Some very accessible and interesting content that I think would cause a positive impression can be found in the book "Graphs and their uses" by Oystein Ore.
If I was to give an introductory course on graph theory for such an audience, I would follow part of this book at the beginning and then I would complement with something else. I would start with a classic problem: is it possible to connect through paths in the plane each one of three wells to each one of three different houses without intersections? There is a very neat and elementary explanation on why this is not possible that only uses the Jordan's curve theorem.

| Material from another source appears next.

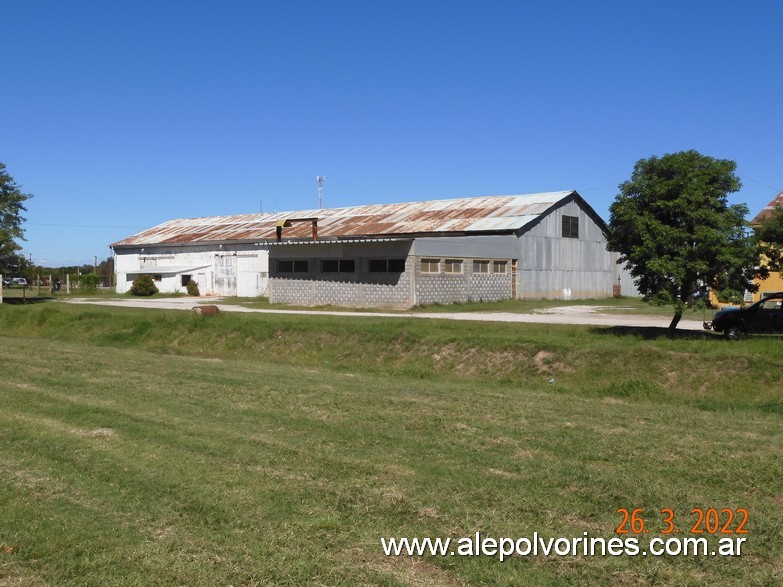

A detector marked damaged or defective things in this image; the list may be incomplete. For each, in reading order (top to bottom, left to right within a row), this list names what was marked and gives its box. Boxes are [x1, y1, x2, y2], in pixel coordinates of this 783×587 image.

After mentioning other classic examples such as the Königsberg bridge problem (and the criterion to find eulerian paths in a graph) and hamiltonian cycles (stressing the lack of an efficient general method to find these), I would move to a remarkable fact that is sometimes known as the "sports journalist paradox", according to which is quite common to find, in some sports tournaments where each team plays against each other, an oriented cycle that involves all teams; in other words, team A wins team B, which wins team C, and so on...till some team in the chain wins team A! It is not difficult to characterize when we can find such a behaviour, and the answer turns out to be quite often!
I would then mention map coloring, and give a complete proof of the five color theorem. But most important, I would discuss Euler's formula for poligonal nets and how to apply it to characterize all platonic solids. This achievement, while elementary, could be a nice way to keep the audience interested and pave the way to further deeper results.